(DATA FOR PROCESSING Opens)

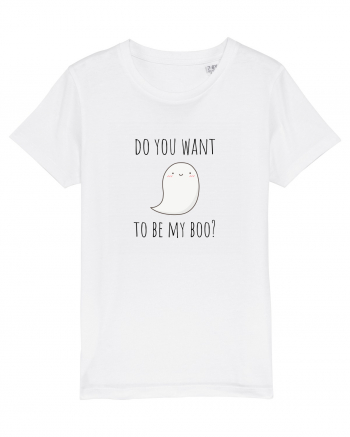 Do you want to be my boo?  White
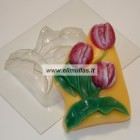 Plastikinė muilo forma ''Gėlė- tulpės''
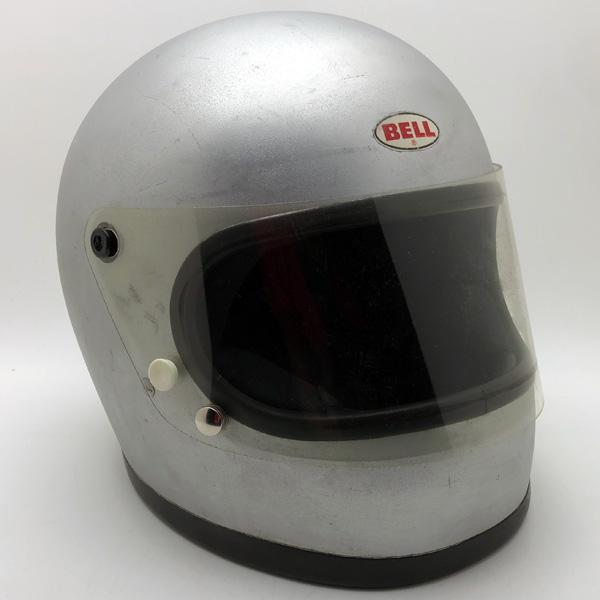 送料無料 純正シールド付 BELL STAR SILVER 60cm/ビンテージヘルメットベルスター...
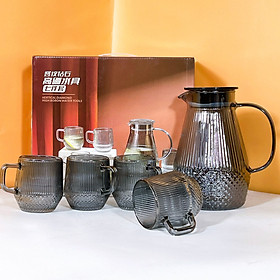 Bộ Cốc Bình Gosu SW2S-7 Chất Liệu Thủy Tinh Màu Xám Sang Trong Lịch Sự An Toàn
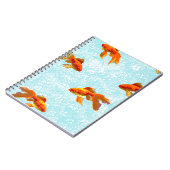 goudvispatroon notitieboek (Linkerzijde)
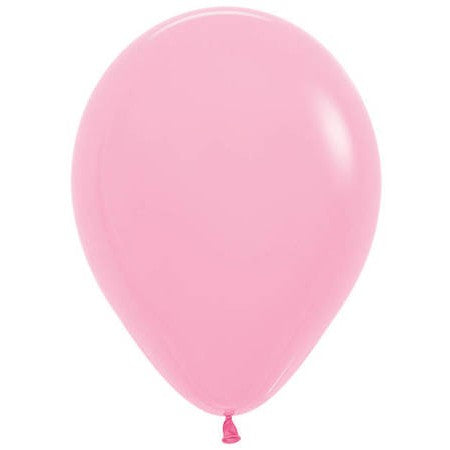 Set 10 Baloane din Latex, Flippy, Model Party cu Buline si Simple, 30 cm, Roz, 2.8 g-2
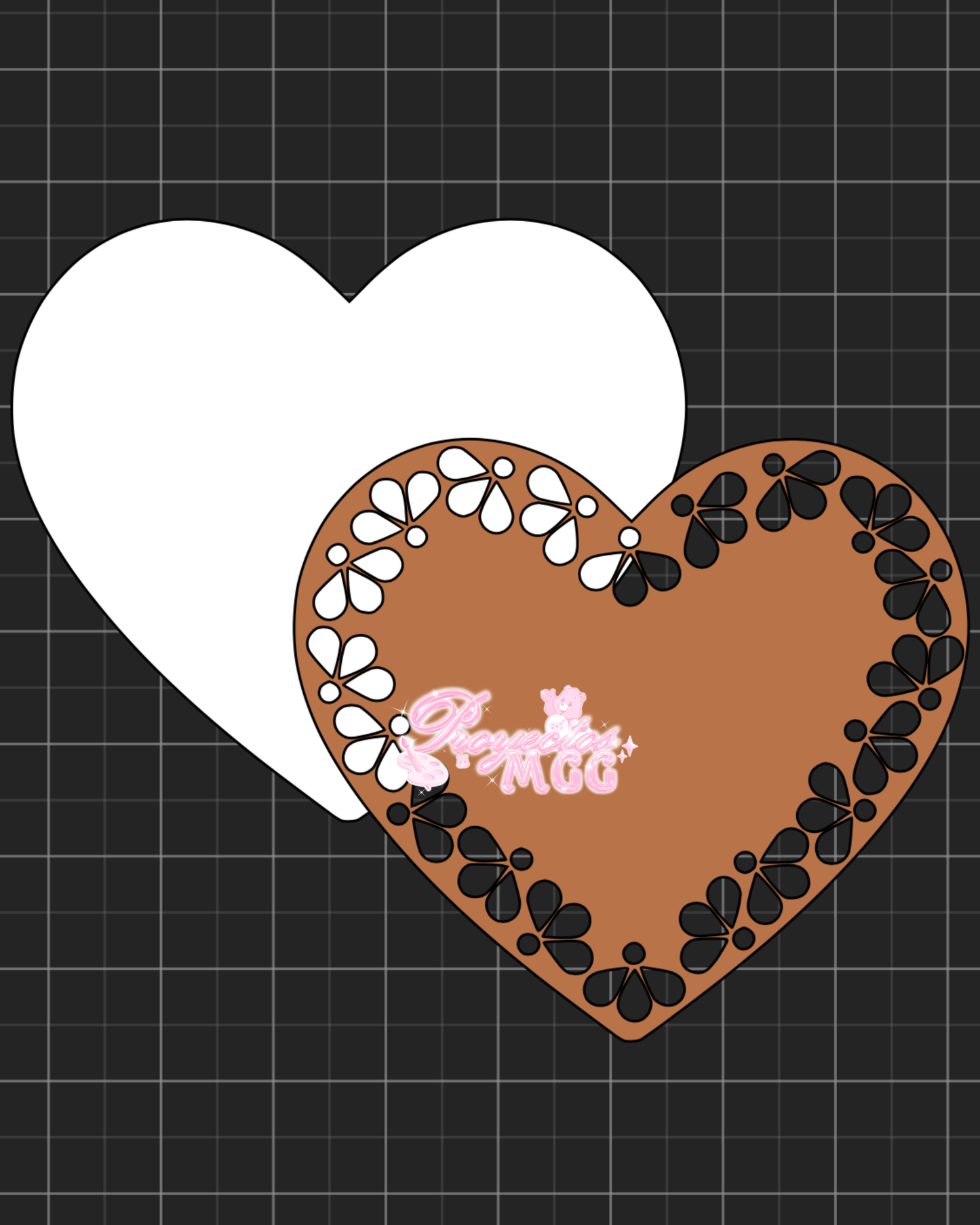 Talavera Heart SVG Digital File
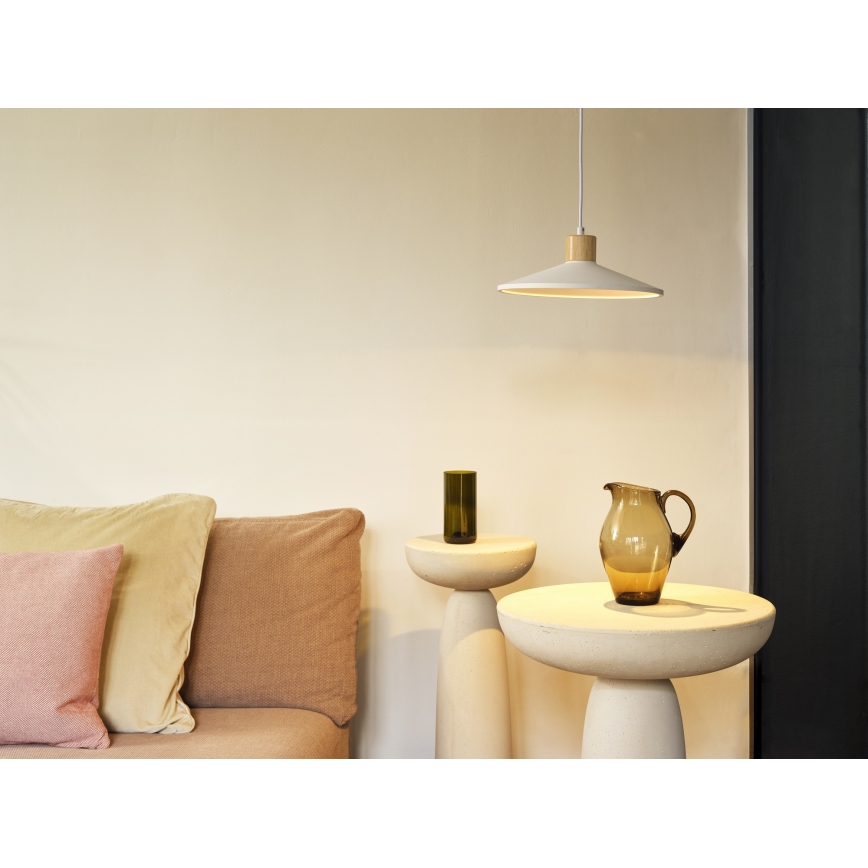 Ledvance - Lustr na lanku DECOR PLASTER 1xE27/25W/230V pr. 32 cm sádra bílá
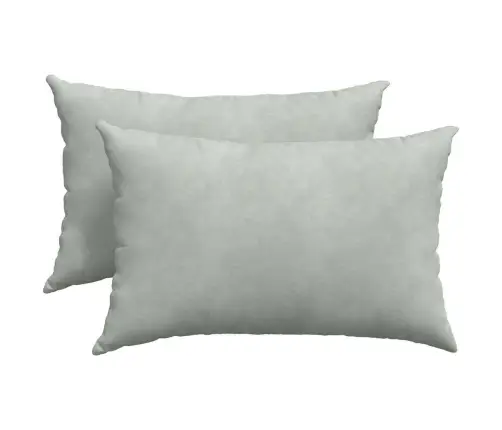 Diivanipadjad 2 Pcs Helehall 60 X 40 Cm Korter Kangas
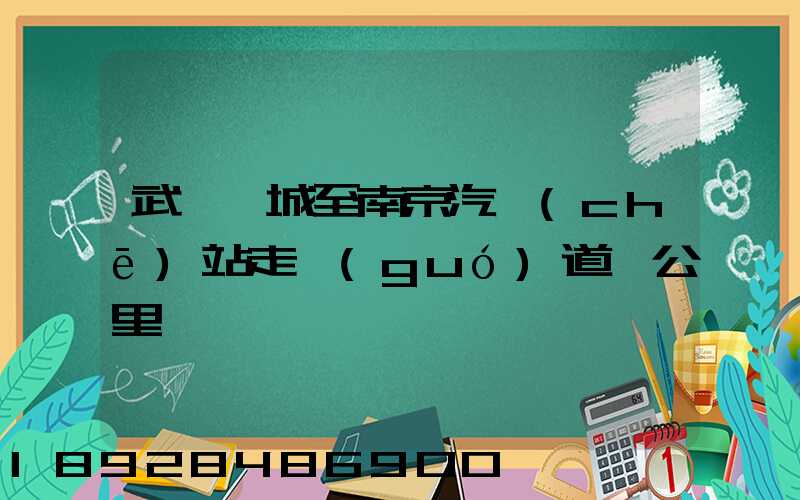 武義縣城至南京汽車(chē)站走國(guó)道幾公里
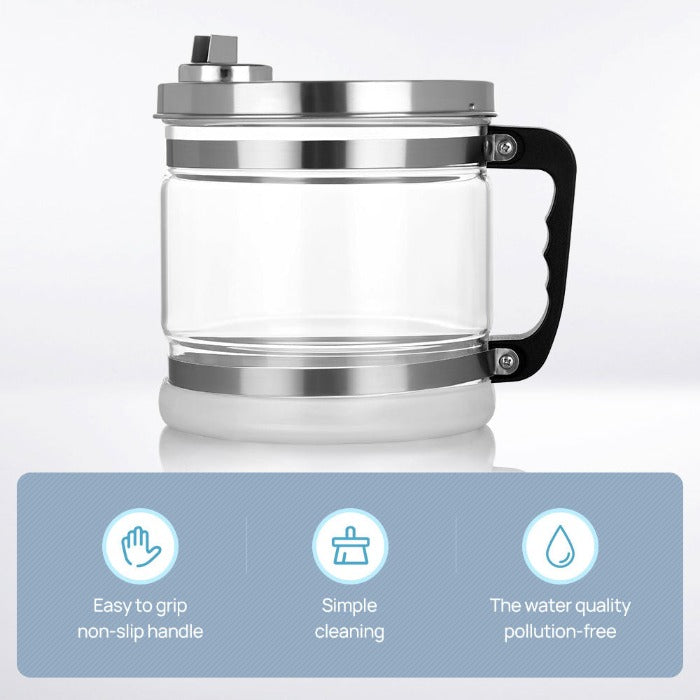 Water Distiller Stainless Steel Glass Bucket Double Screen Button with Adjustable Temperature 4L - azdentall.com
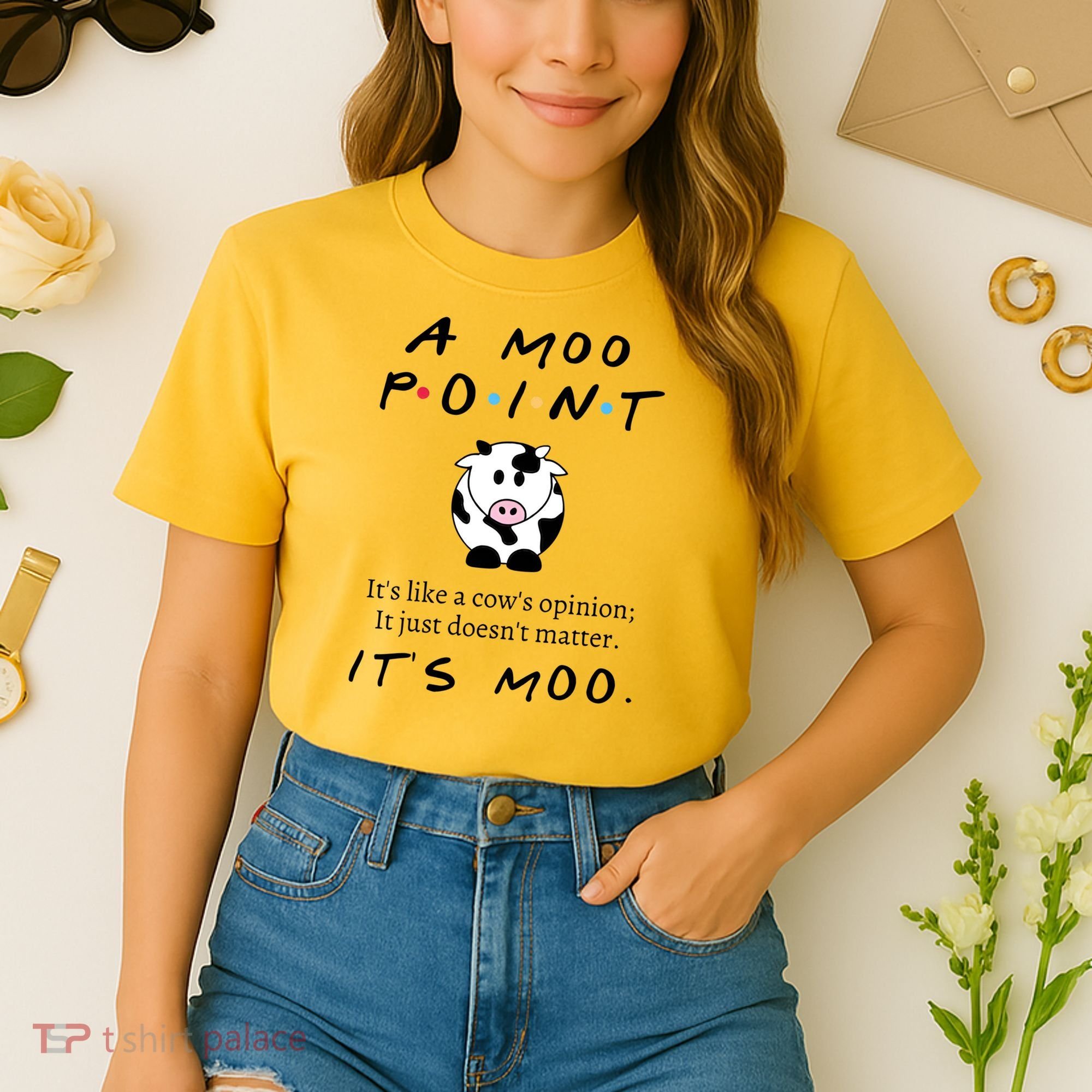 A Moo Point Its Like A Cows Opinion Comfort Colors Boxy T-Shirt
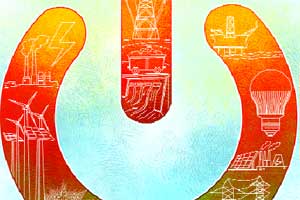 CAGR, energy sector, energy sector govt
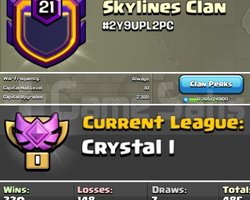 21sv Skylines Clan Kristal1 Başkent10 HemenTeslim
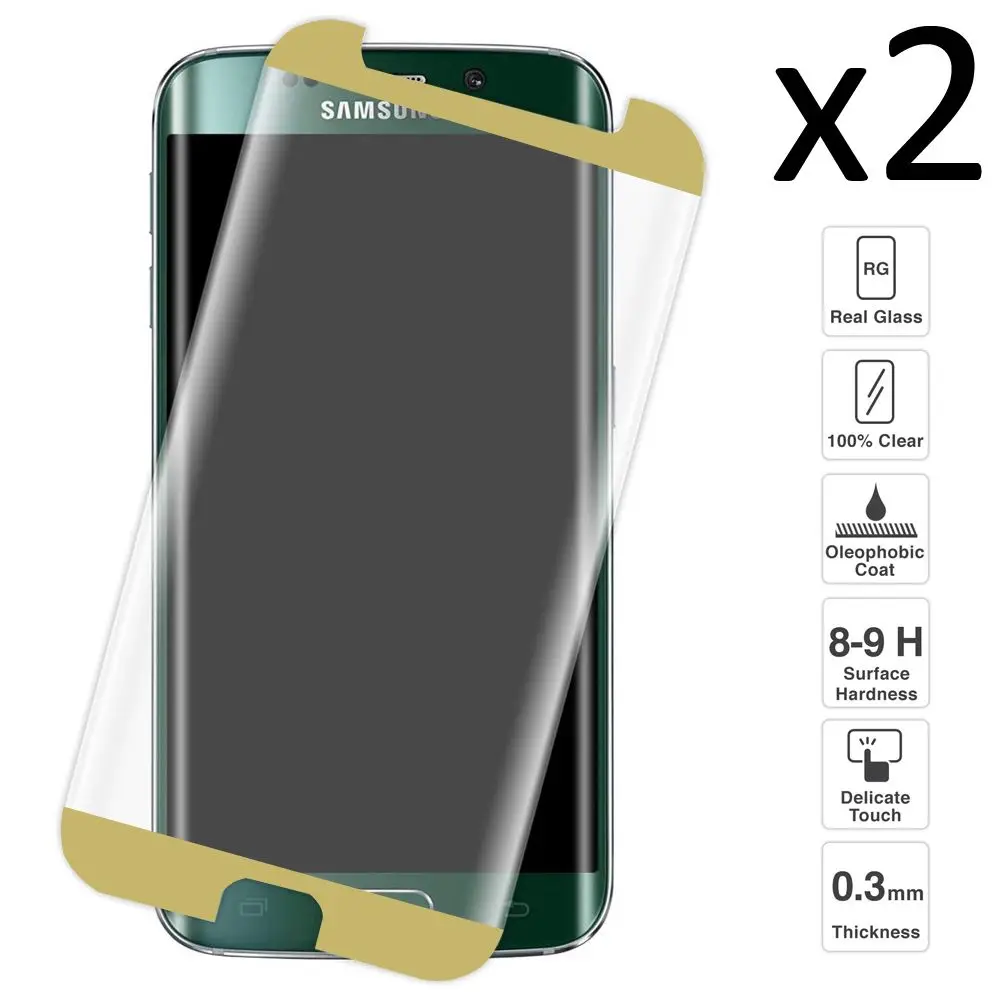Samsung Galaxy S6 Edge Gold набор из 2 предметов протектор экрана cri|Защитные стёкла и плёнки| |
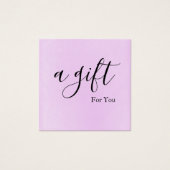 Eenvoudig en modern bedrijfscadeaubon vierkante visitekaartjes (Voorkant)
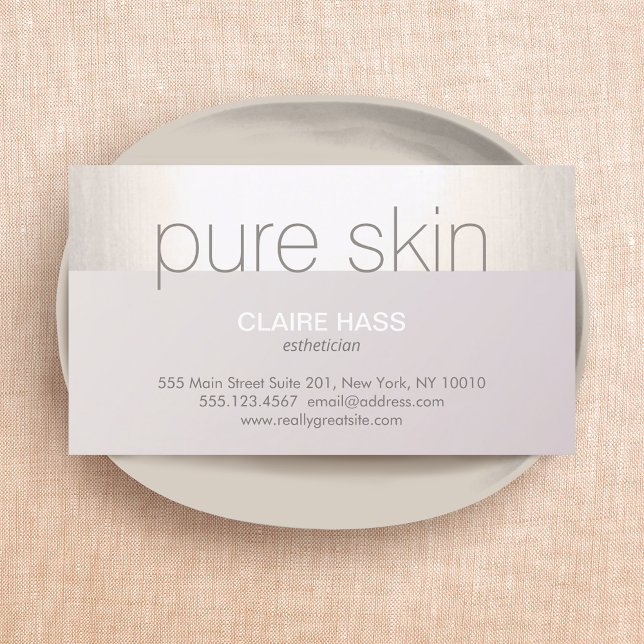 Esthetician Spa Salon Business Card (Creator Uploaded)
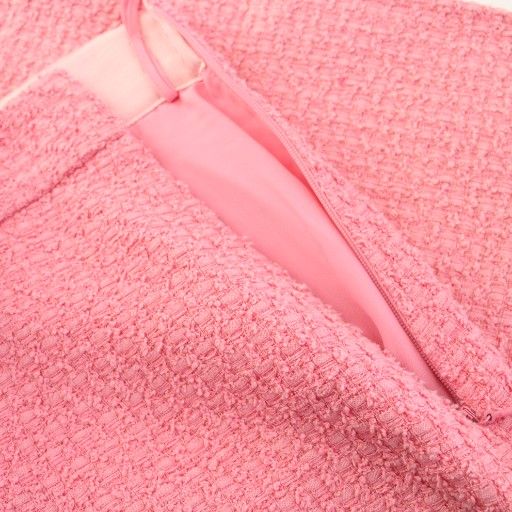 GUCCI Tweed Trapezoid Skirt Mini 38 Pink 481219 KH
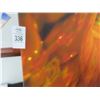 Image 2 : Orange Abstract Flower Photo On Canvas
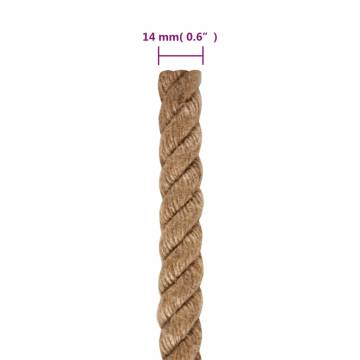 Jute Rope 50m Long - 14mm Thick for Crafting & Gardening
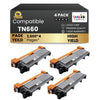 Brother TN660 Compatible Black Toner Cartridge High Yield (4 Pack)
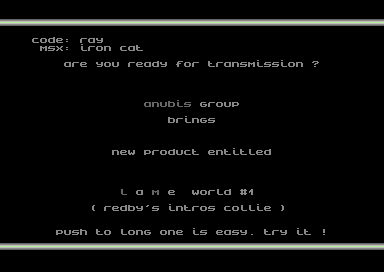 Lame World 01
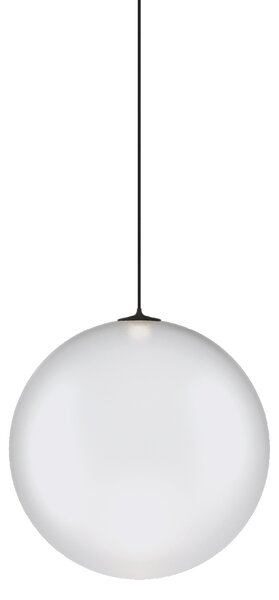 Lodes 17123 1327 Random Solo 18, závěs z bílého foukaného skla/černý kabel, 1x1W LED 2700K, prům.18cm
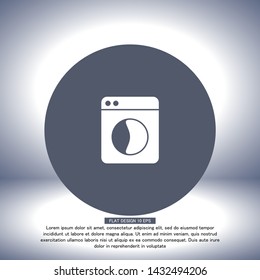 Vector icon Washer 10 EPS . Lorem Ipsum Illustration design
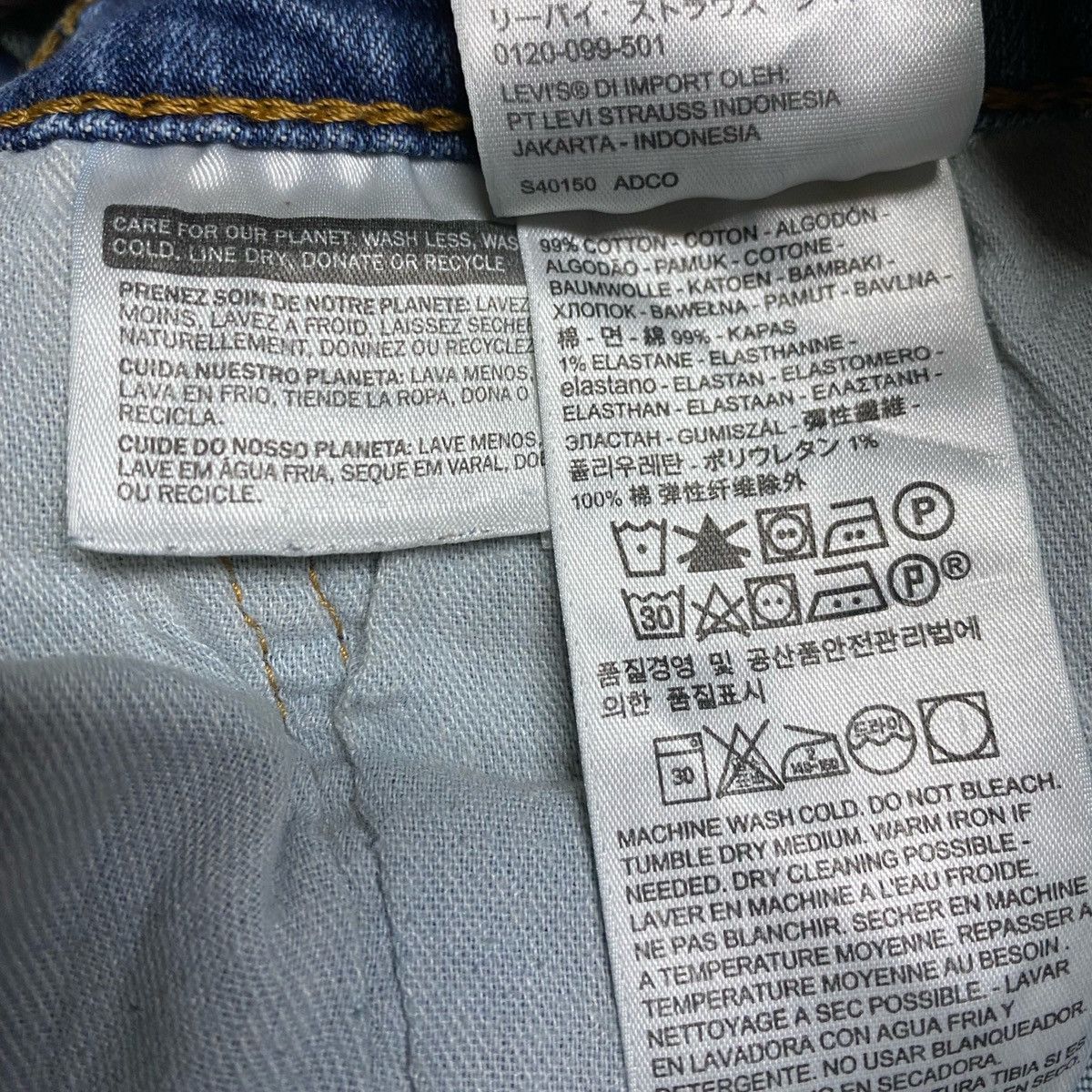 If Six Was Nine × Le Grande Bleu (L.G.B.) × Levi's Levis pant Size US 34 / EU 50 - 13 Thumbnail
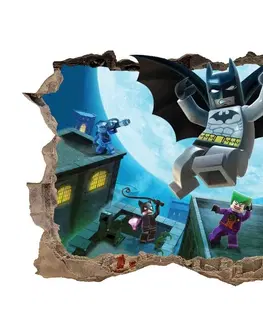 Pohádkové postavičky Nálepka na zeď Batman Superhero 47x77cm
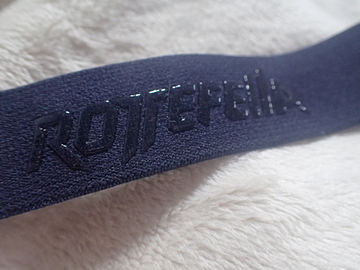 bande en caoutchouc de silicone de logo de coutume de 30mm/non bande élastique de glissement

(DATA FOR PROCESSING Closes)

▸ **WORK REQUEST**
What you need to produce is an exact copy of the entries above, limited to the lines from the one with "Set 10 Baloane" up to and including the one with "Eenvoudig en modern", without pictures.

▸ **RESULT FOR THIS TASK**
 Set 10 Baloane din Latex, Flippy, Model Party cu Buline si Simple, 30 cm, Roz, 2.8 g-2
 Talavera Heart SVG Digital File
 Ledvance - Lustr na lanku DECOR PLASTER 1xE27/25W/230V pr. 32 cm sádra bílá
 Diivanipadjad 2 Pcs Helehall 60 X 40 Cm Korter Kangas
 武義縣城至南京汽車(chē)站走國(guó)道幾公里
 Water Distiller Stainless Steel Glass Bucket Double Screen Button with Adjustable Temperature 4L - azdentall.com
 A Moo Point Its Like A Cows Opinion Comfort Colors Boxy T-Shirt
 CAGR, energy sector, energy sector govt
 21sv Skylines Clan Kristal1 Başkent10 HemenTeslim
Samsung Galaxy S6 Edge Gold набор из 2 предметов протектор экрана cri|Защитные стёкла и плёнки| |
 Eenvoudig en modern bedrijfscadeaubon vierkante visitekaartjes (Voorkant)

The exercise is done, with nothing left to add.